HO RISPETTO PER ONDRA, RENDE POSSIBILE L’IMPOSSIBILE
Le imprese dell’arrampicata sportiva
In occasione della consegna dei premi «Arco Rock Legends» sono tornato nel luogo che è la culla dell’arrampicata sportiva. Anche se la prima gara fu fatta a Bardonecchia nel 1985, è stata poi Arco dall’anno successivo a portare avanti quella intuizione, cresciuta al punto che fra due anni le gare di arrampicata debutteranno ai Giochi di Tokyo. Io nel 1987 ho voluto andare a vedere dal vivo cosa succedeva in questo sport e poi ne ho seguito l’evoluzione fino all’attuale boom mondiale.

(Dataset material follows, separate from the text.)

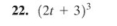 (2t+3)^3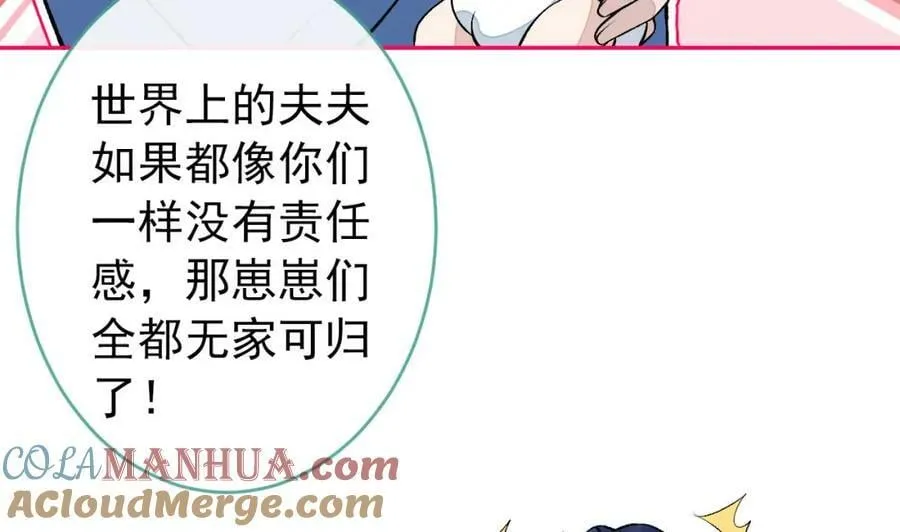 养娃篇03 这就是父爱吧？ 第89页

Ad Arco venerdì scorso ho avuto modo di incontrare climber che non conoscevo o di cui avevo solo sentito parlare, come Angela Eiter, arrampicatrice eccezionale nonostante, - o forse proprio grazie - la sua minuta corporatura. E ho rivisto Adam Ondra, premiato ancora una volta come numero uno per quanto fatto nella scorsa stagione. Non so quanto quel che lui ha realizzato nella grotta norvegese di Flatanger con la sua via «Silence» vale nella tradizionale scala dei gradi. Quando, 50 anni fa esatti, ho fatto la mia scalata più difficile - non un Ottomila, ma il Pilastro Centrale del Sass dla Crusc, in Dolomiti, forse ottavo grado - la scala di Welzenbach era ancora chiusa: solo sei gradi. Adam probabilmente li ha raddoppiati. In ogni caso ha fatto semplicemente quello che non era nemmeno immaginabile. Quindi ho il massimo rispetto per lui e per tutti i giovani che fanno arrampicata sportiva. Non è alpinismo, ma è un’attività che dell’alpinismo è figlia. Anche nell’arrampicata sportiva come nell’alpinismo si tratta sempre dell’impossibile possibilità: ogni generazione di scalatori infatti lotta per riuscire a rendere possibile quanto era definito impossibile dalla generazione precedente.